I have a Leader half Pint and for sure need to come up with faster boiling times. Nice little evaporator but made 18 Gals this year and seemed to be married to it. I think he has pans for his also.
I have a Leader half Pint and for sure need to come up with faster boiling times. Nice little evaporator but made 18 Gals this year and seemed to be married to it. I think he has pans for his also.
Daniel,
I have the same issue with the half pint. Here's a link to Smokey Lake Maple 1/2 pint high output pan. It really looks interesting. I think you could build a small RO for $400-500 that would add about the same capacity.
http://www.sugarbush.info/forsale/sh...ment-pan&cat=9
I assume you were able to finish in the pan with no problems?
Thanks,
Dave
fixin40,
How much wood did you burn?
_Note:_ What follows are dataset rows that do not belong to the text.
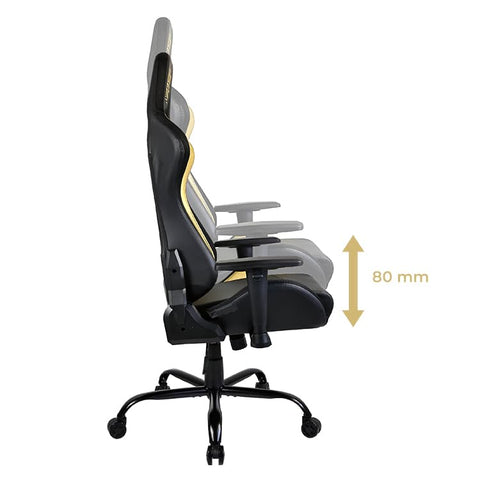 Subsonic Lord of the Rings Gaming Chair Pro Black Official Licence Adult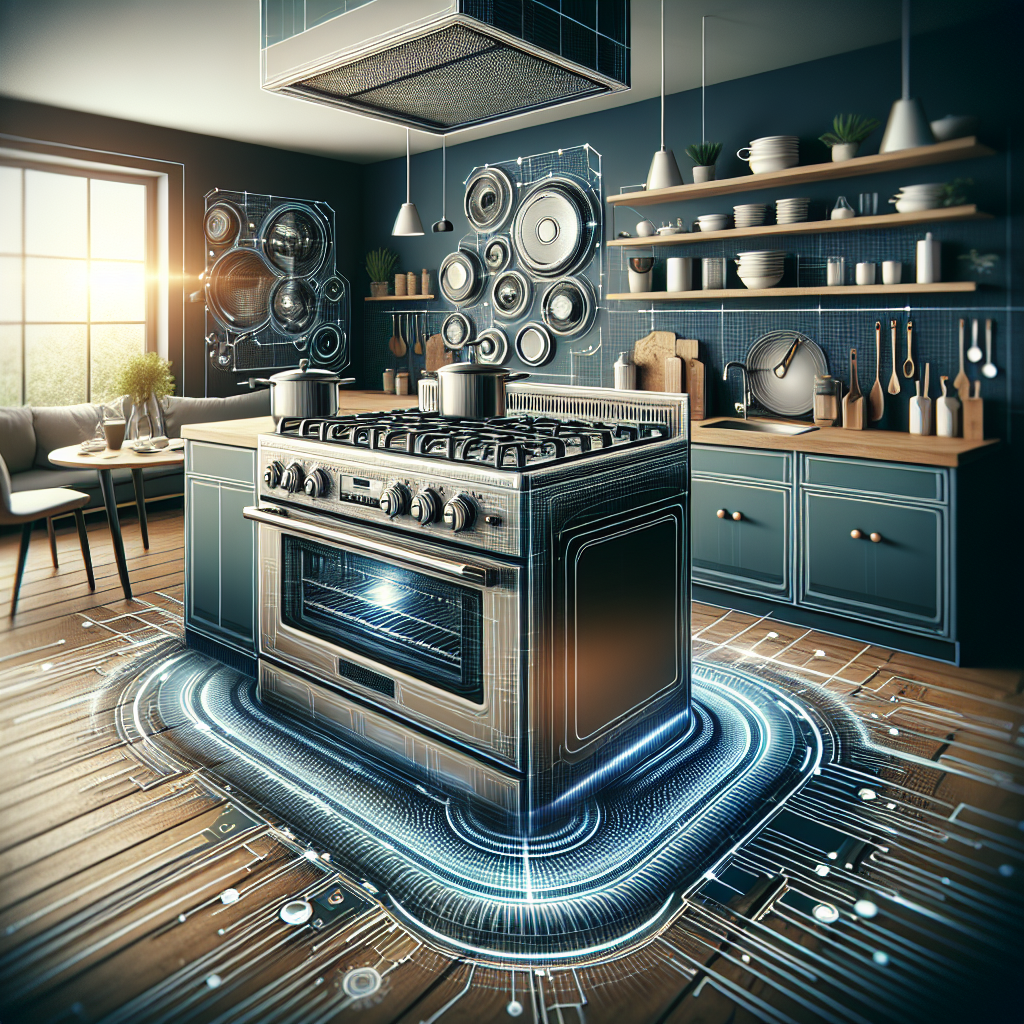 Innovations dans les cuisinières à gaz pour un meilleur contrôle de la cuisson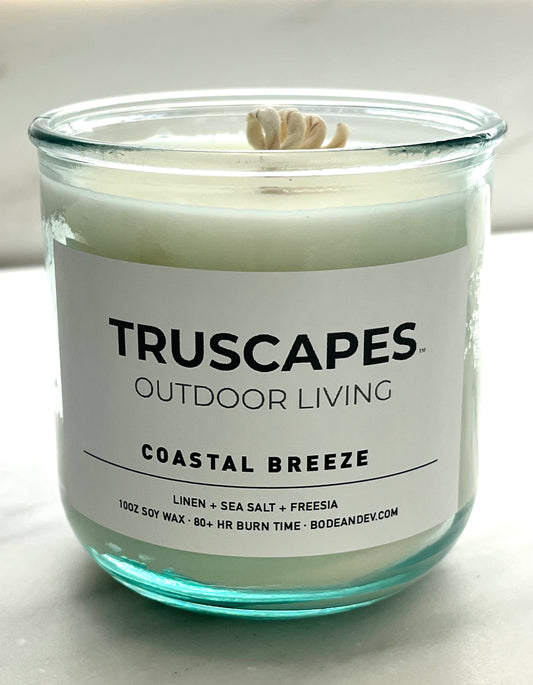 Coastal Breeze 10 oz Custom Scented Candle by Bode + Ev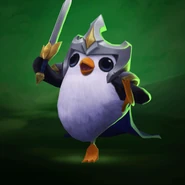 Featherknight Pengu 2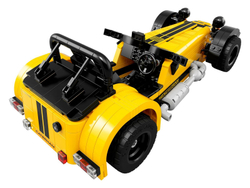 Конструктор автомобиль Lepin Technican  Caterham Seven 620R/21008/771 деталь/Совместим с Лего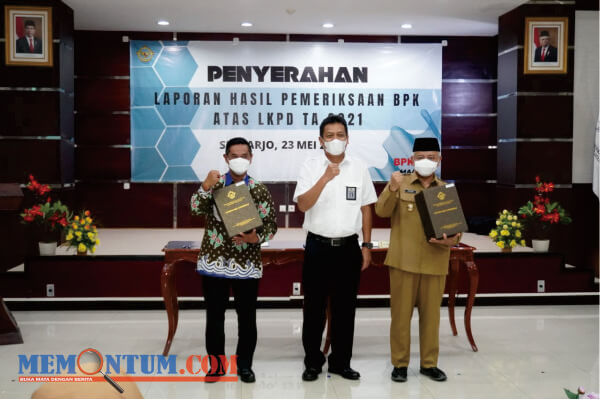 Pemkab Malang Kembali Raih LHP WTP Kali Delapan Berurutan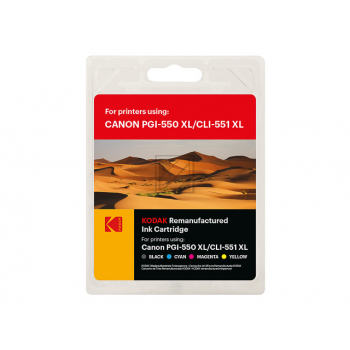 Kodak Tinte Multipack (5) cmyk und PH K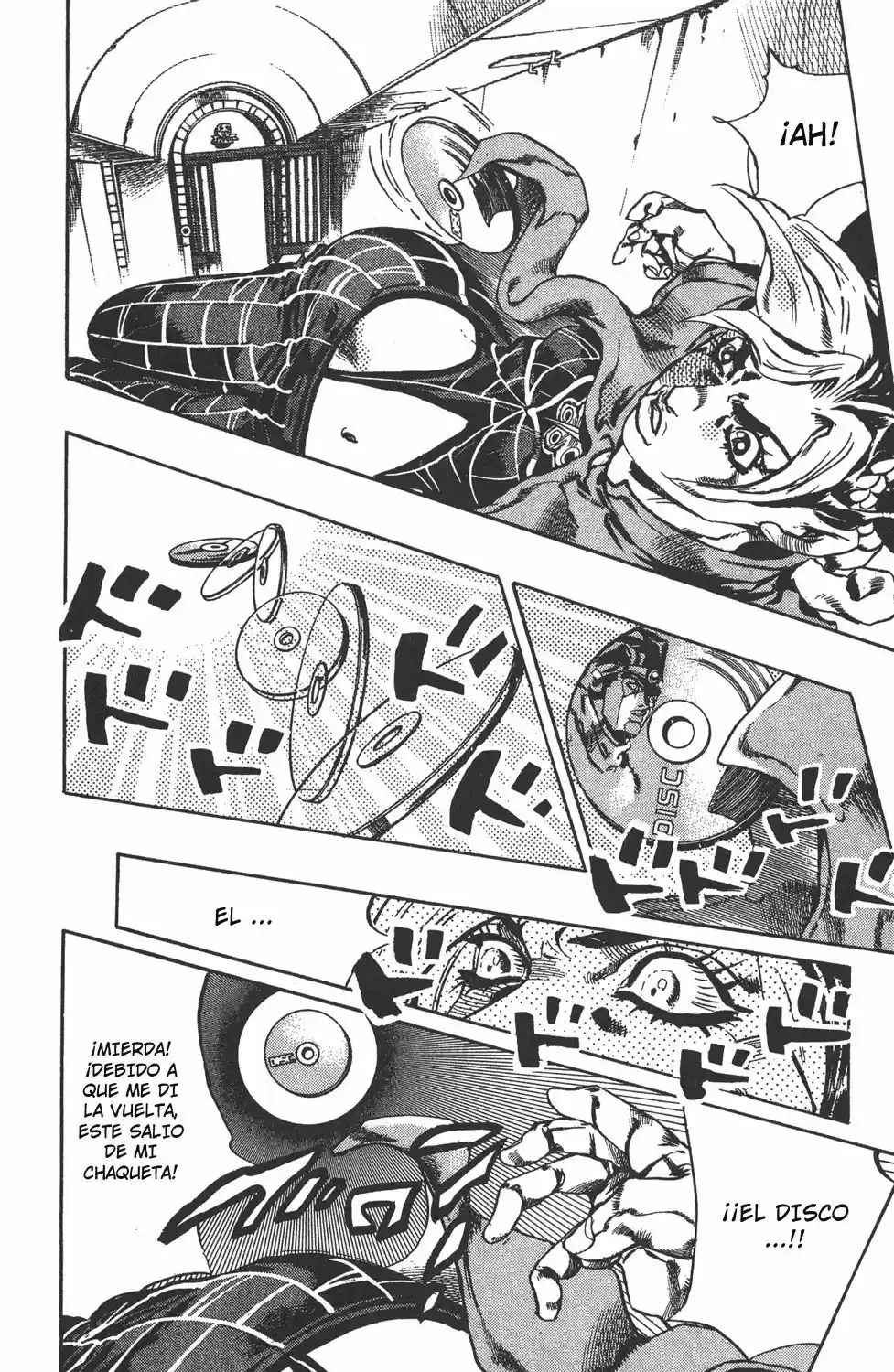 JoJo's Bizarre Adventure Part 6: Stone Ocean - Capítulo 41 - Página 10 - LectorTMOo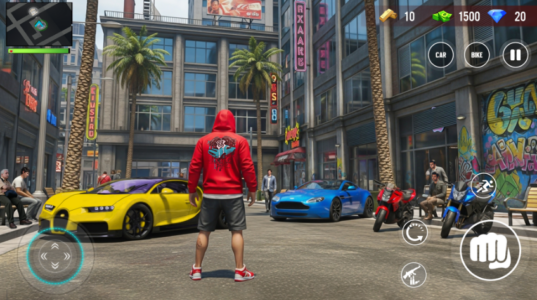 Screenshot Mad Street Crime Hustle Game Mod APK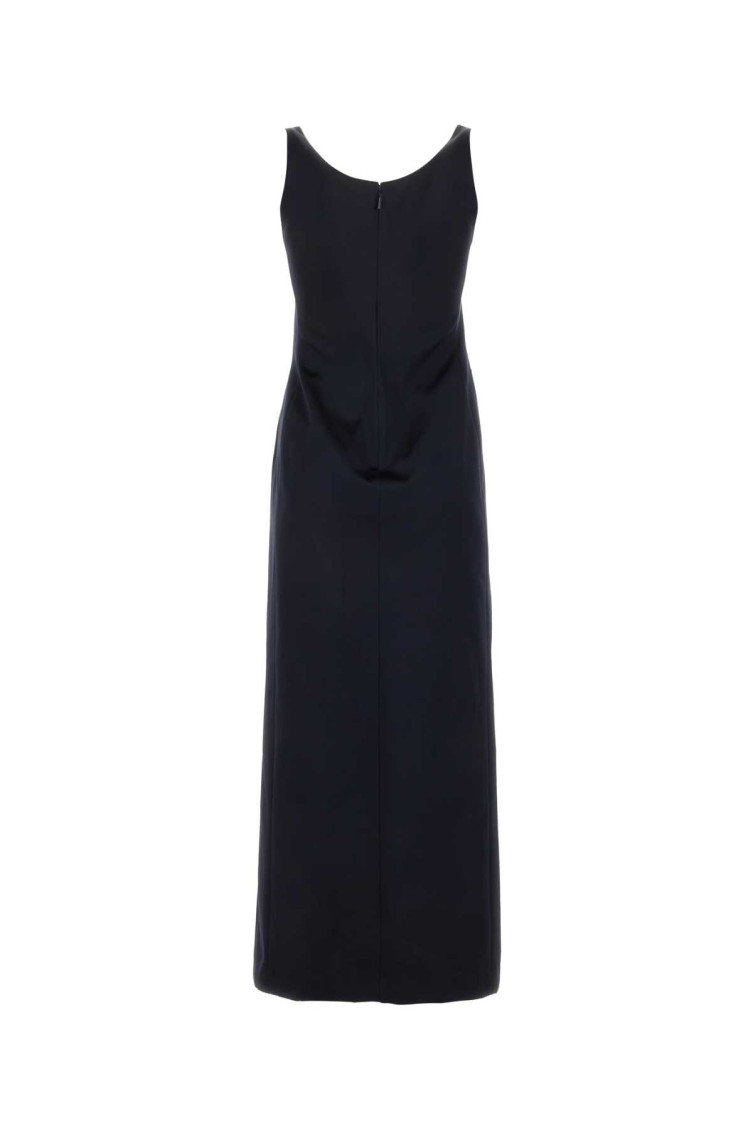 ワンピース FENDI MIDNIGHT BLUE SATIN DRESS Fendi Midnight blue satin dress for Women Online USA at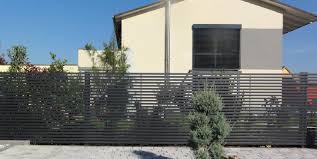 Brix Frontline Alu Zaun Tor Horizontale Profile Brix Zaune Tore Aus Aluminium Alu Zaun Zaun Zaune Und Tore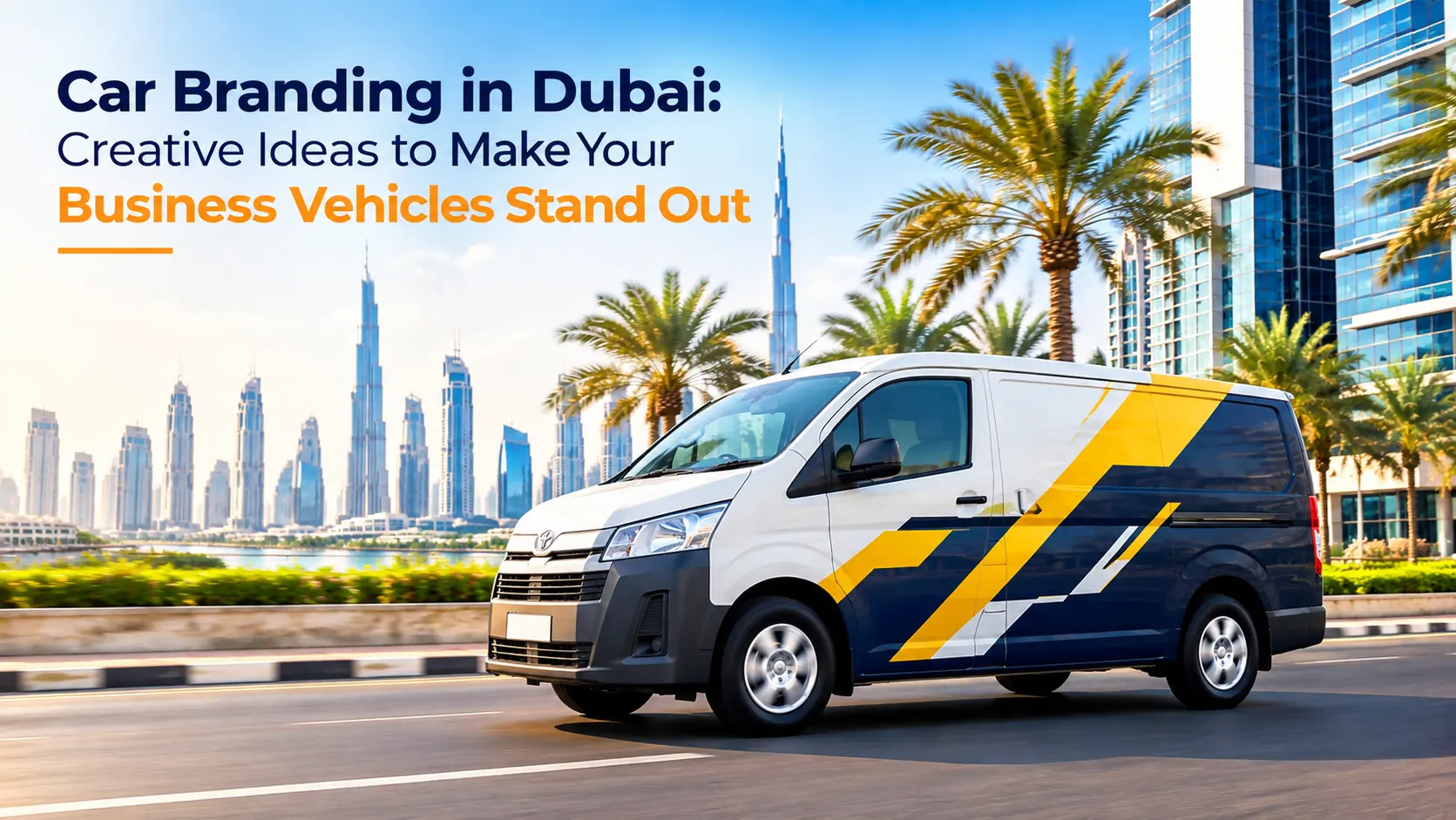 Car branding dubai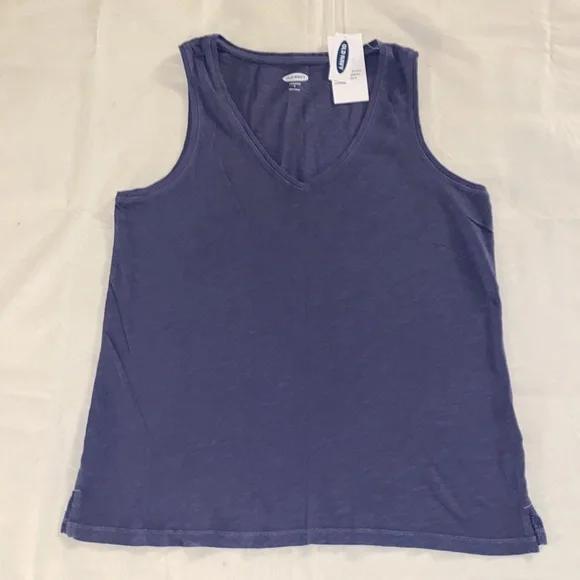 Old Navy Every Wear V-Neck Tanks - Set of 3 - Picture 11 of 16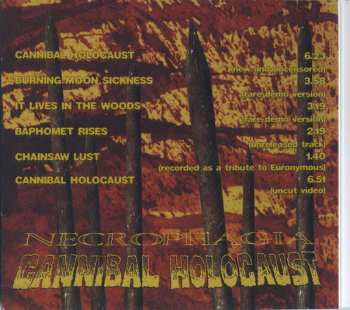CD Necrophagia: Cannibal Holocaust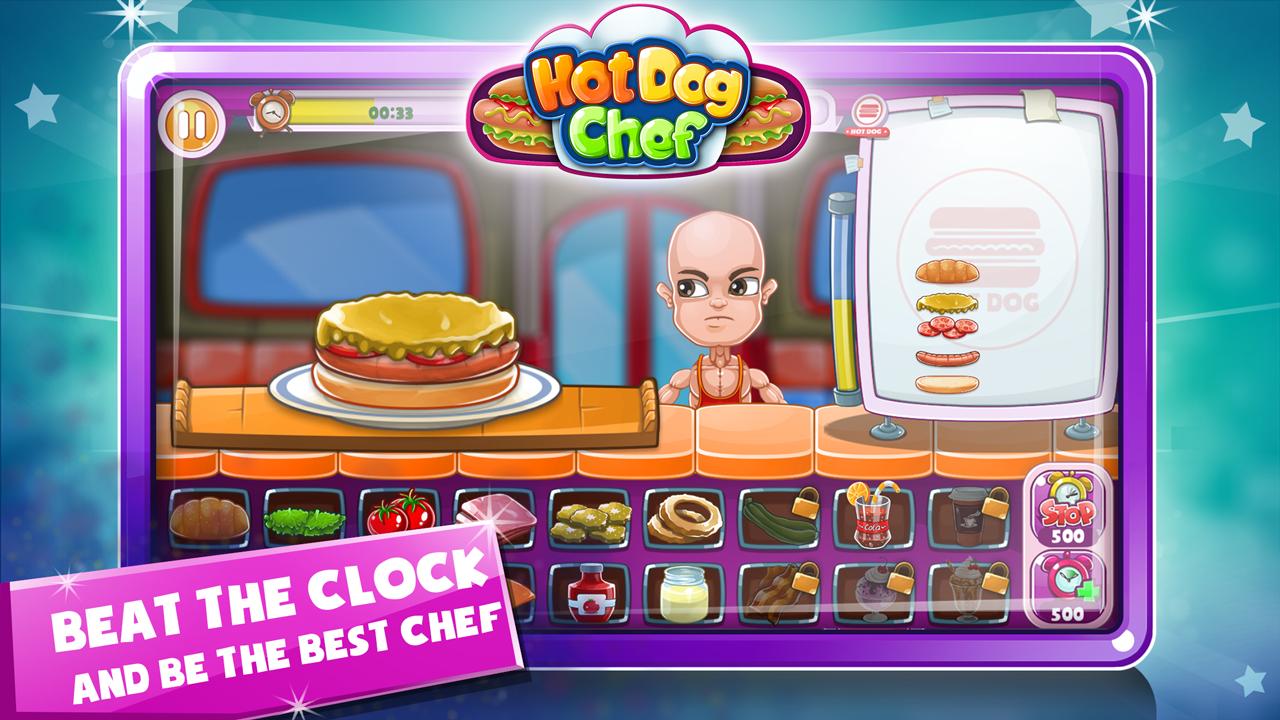 Hot Dog Chef: Cooking Rush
How close is your arch to the flues?
2010 - barrel stove & a steam table pan. 10 - 12 trees
2011 - same deal as the year before. My son is now hooked along with me.
2012 - Took over the garden shed and set up a Mason 2x3. Hoping to tap 30 - 50 trees. Ended up with 100 taps out.
Finished the season with 16 gallons made
2013- - Purchased a Smokey Lake 2 x 3 Hybrid pan. WOW, what a difference!!
I burned between 4 an 5 face cord, my flues are about 3/4 in away from the flues. I had 16 ft of six inch stove pipe for a flue to get a draw. This set up worked pretty good. The last two boils I put a vornado fan into 8 in ducting under my grates, and boy did the fire come alive! For next year, firebrick and insulation on a slab, 2 six in flues side by side, a float box(this year I just trickled the sap in cold), a preheater, and maybe an additional 2x2 pan with 3 paths so I can rotate for sugar sand.
What are using for an arch? I insulated my mason with 1" fire board and then bricked it. The amount of heat loss is minimal even after 8 - 10 hours. I set up a float box and a 12v water pump to feed it. I made a quick and dirty pre heater that would warm the sap but not really get it hot. I could get the first channel boiling for 1/2 - 3/4 of it's length. The pump worked ok but the pressure switch couldn't handle the continuous on off cycling. I have a 300 gal sap tank that I am going to try raising high enough, about 4 ft, to gravity feed. I'm not sure if the float box will be needed as I will have a valve on the outlet of the pre heater to regulate the flow. A hood and expanded preheater is also part of this summers project list. I just picked up 8 10ft lengths of new 3/4 copper pipe for $10 each.
2010 - barrel stove & a steam table pan. 10 - 12 trees
2011 - same deal as the year before. My son is now hooked along with me.
2012 - Took over the garden shed and set up a Mason 2x3. Hoping to tap 30 - 50 trees. Ended up with 100 taps out.
Finished the season with 16 gallons made
2013- - Purchased a Smokey Lake 2 x 3 Hybrid pan. WOW, what a difference!!
I must have been tired with my last post. My arch was cinder blocks with 22 inches in between, the fire box portion was 20 inches deep and then angled up at about 50 degrees till 3/4 of an inch from the bottom of the flues, the fill for the arch portion was a combination of urbanite(last years broken cinder blocks) and crusher run. This combination of fill was held in place by cement bricks on the front side and topped with sand for a smooth surface. After the first boil the cinder blocks began to crack and leak, therefore losing a little more draft at every boil. The front of the arch was sheet metal with a barrel stove door. The smoke stack was 16 feet of 6 inch stove pipe. I did not preheat the sap so I was losing my boil in the back of the flue pan. I want a float box for next year so I can maintain the level better and some sort of preheater. This year I had a 150 head tank about 2 feet above the pan and regulated the flow with a valve, I think a float valve would make things much more efficient seeing how I was not as consistent as I could have been with the firing, those beverage runs do get in the way.
With the hybrid pan, do you have any problems due to the fact that the front portion is not reversible?